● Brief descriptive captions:
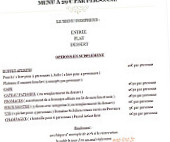 Rsetaurant La Savane menu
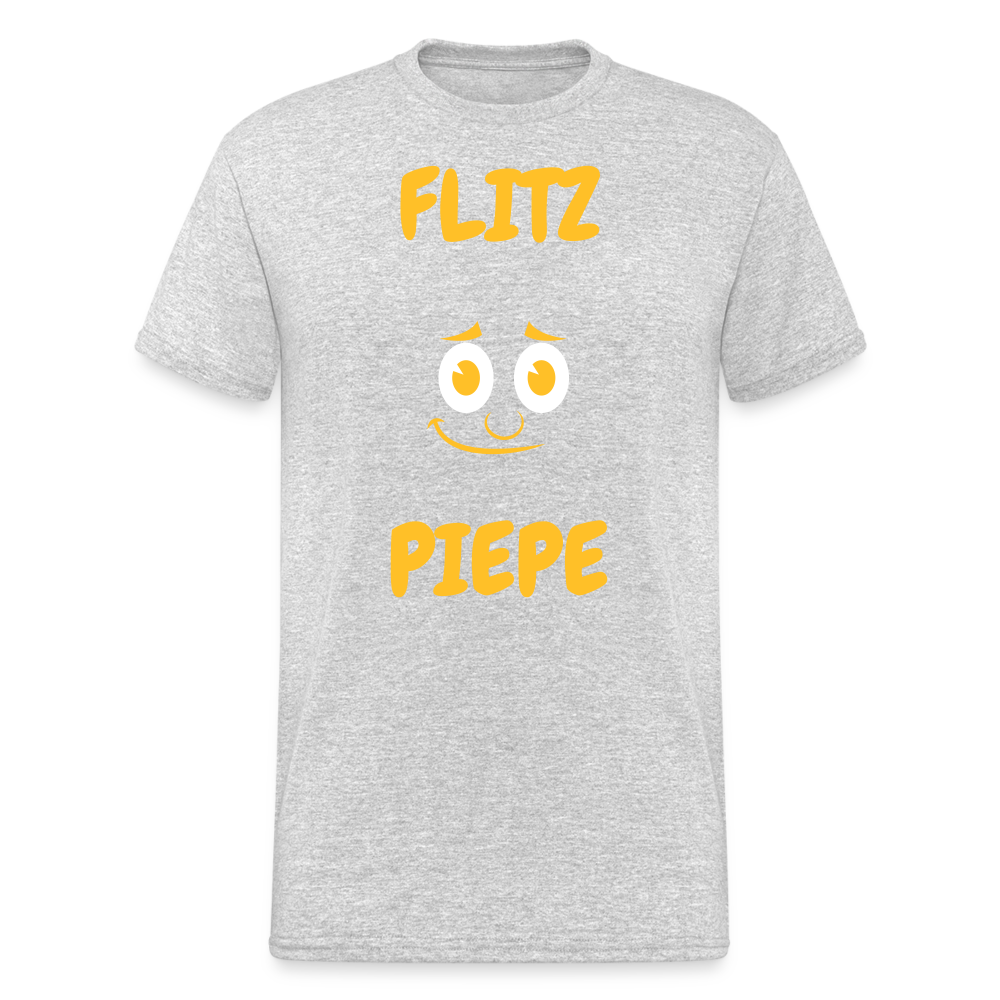 SSW1823 Tshirt FLITZ PIEPE - Grau meliert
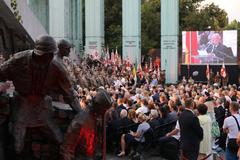 Celebrations of the 74th anniversary of the Warsaw Uprising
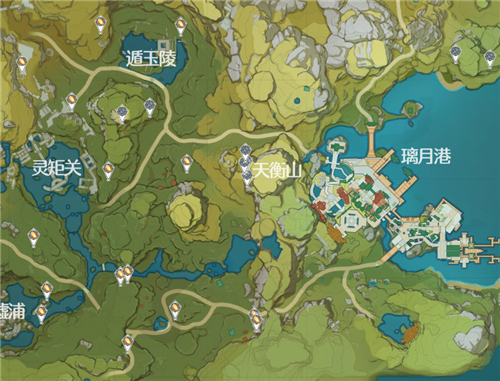原神琉璃袋石珀分布位置一览
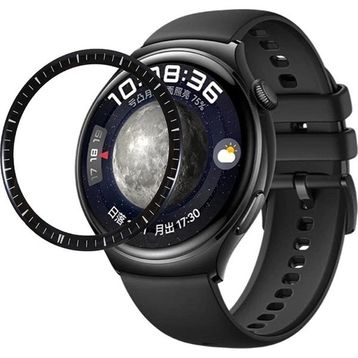 Microsonic Huawei Watch 4 Pro Tam Kaplayan Temperli Cam Full Siyah Ekran Koruyucu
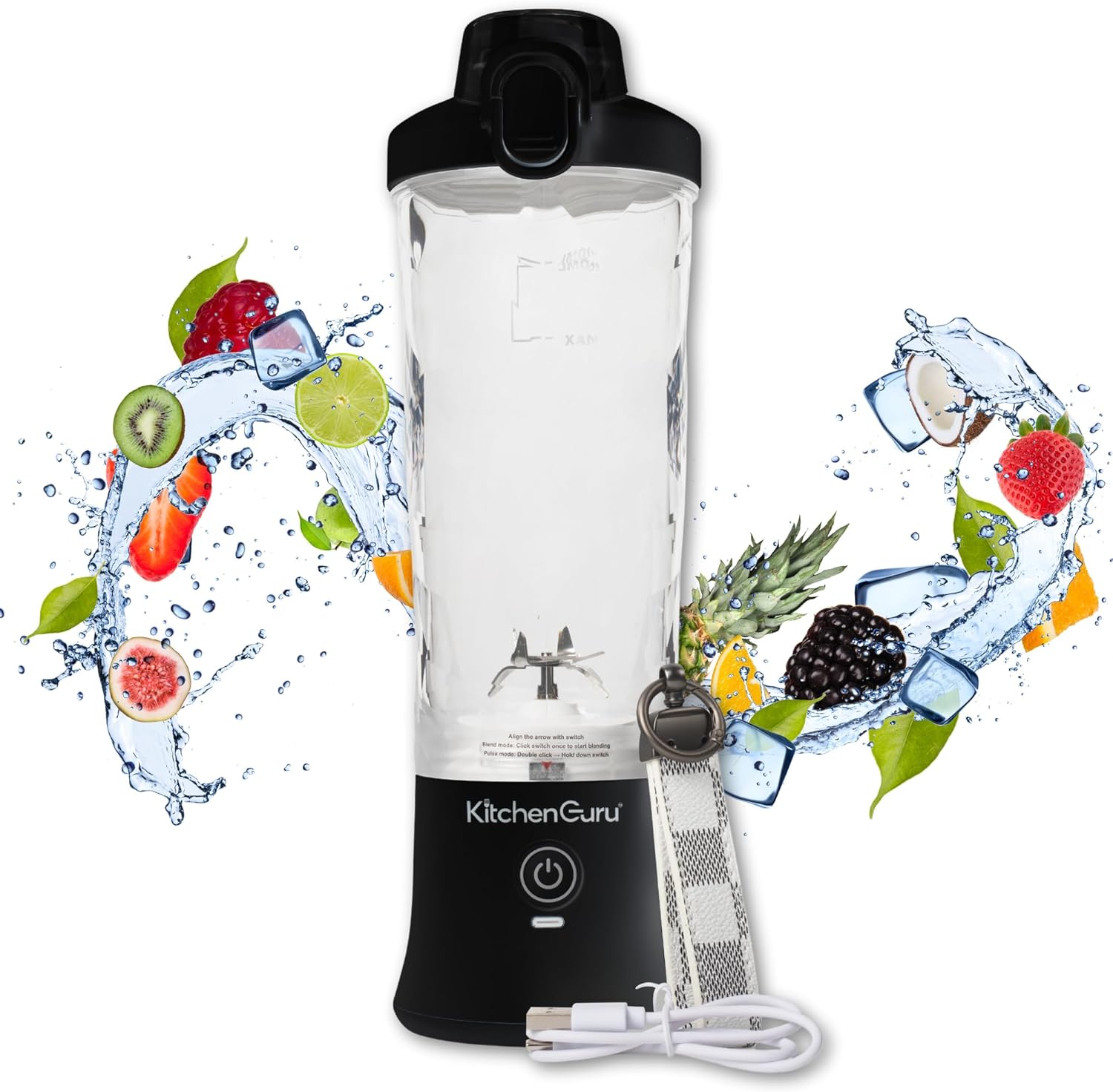 Rechargeable Travel Blender Personal Smoothie Maker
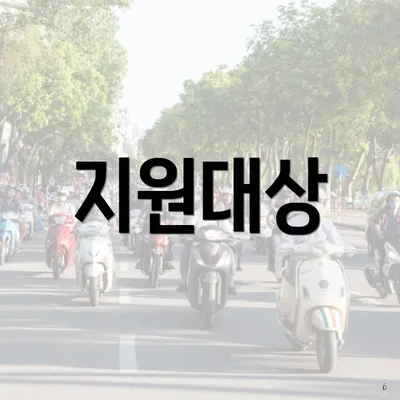 지원대상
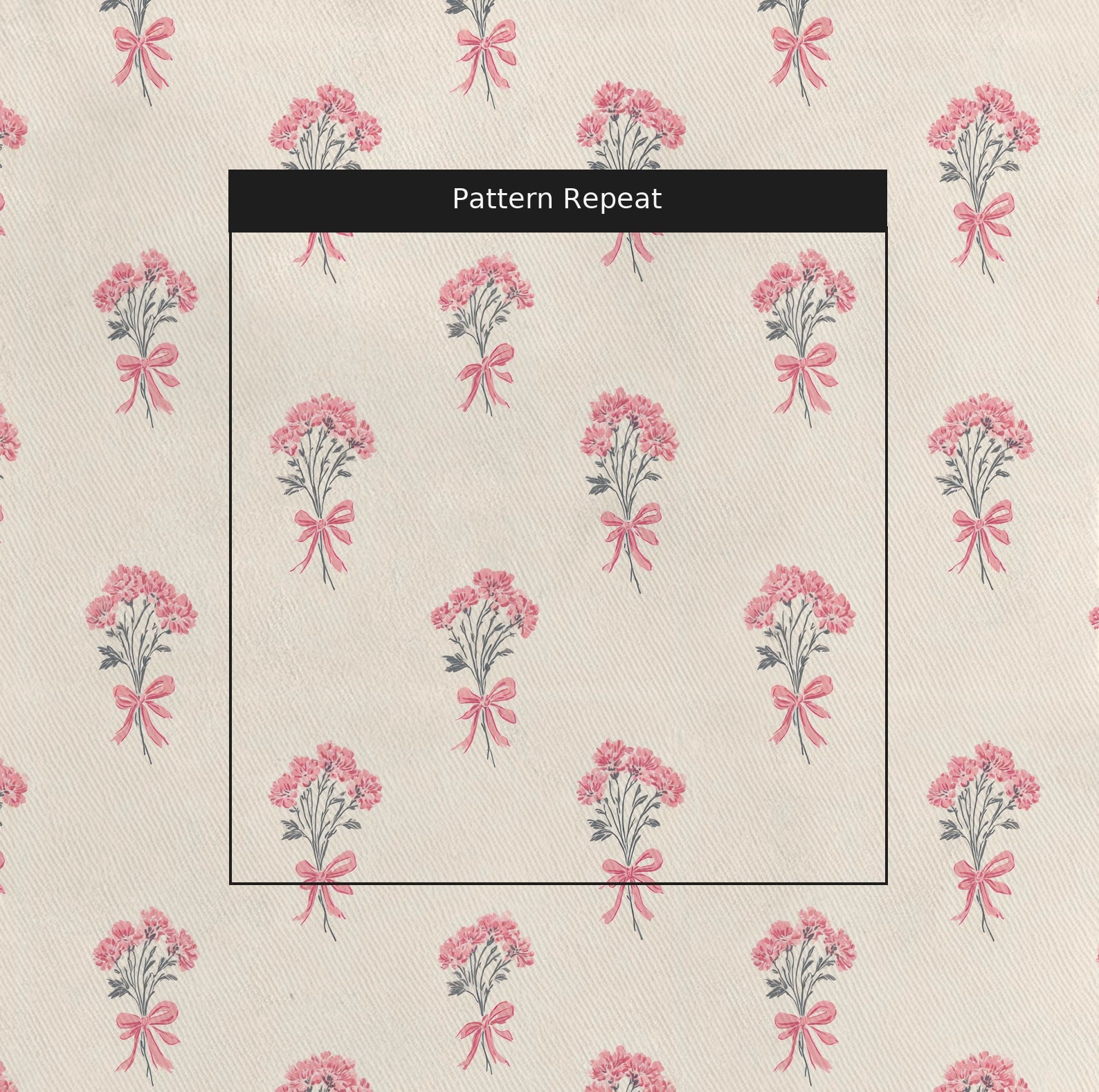 Bare Blossom Fabric by the Yard — pattern repeat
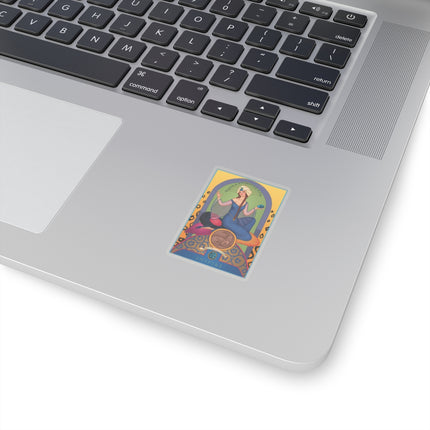 December & Tanzanite (from the Gem Series) by Sofia Chiostri Kiss-Cut Stickers (4 Sizes)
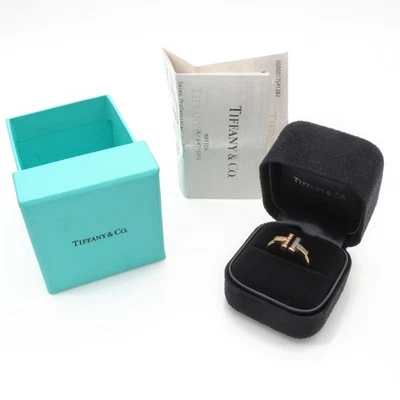 Tiffany & Co. 18k Gold T-Wire Mother Of Pearl & 0.0603 Diamond Ring D-360 - Image 1 of 4
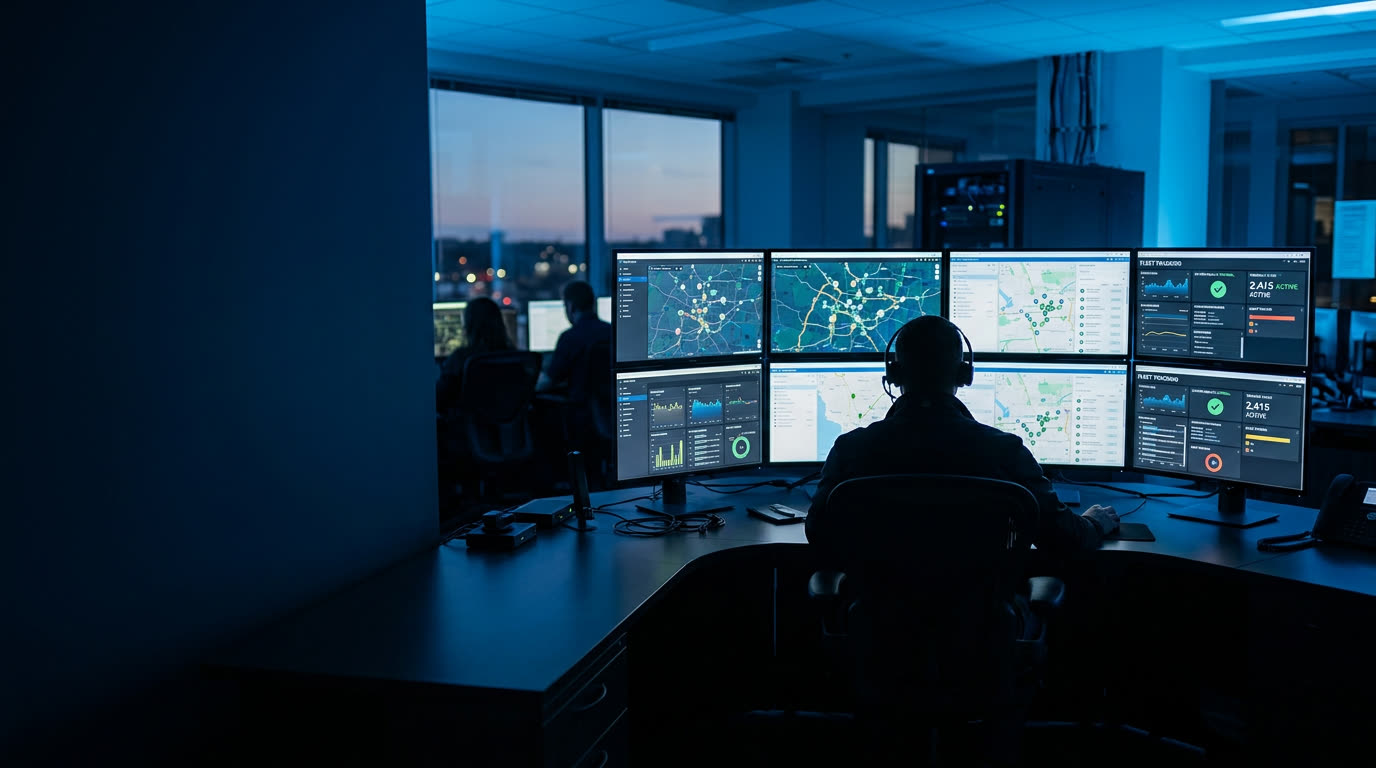 Centro de control de operación de flota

● Action item:
Where the line with "Bare Blossom Fabric" appears, begin there and transcribe exactly through the last line of the data, leaving all pictures aside.

● Solved exercise:
 Bare Blossom Fabric by the Yard — pattern repeat
 December & Tanzanite (from the Gem Series) by Sofia Chiostri Kiss-Cut Stickers (4 Sizes)
 Tiffany & Co. 18k Gold T-Wire Mother Of Pearl & 0.0603 Diamond Ring D-360 - Image 1 of 4
 Centro de control de operación de flota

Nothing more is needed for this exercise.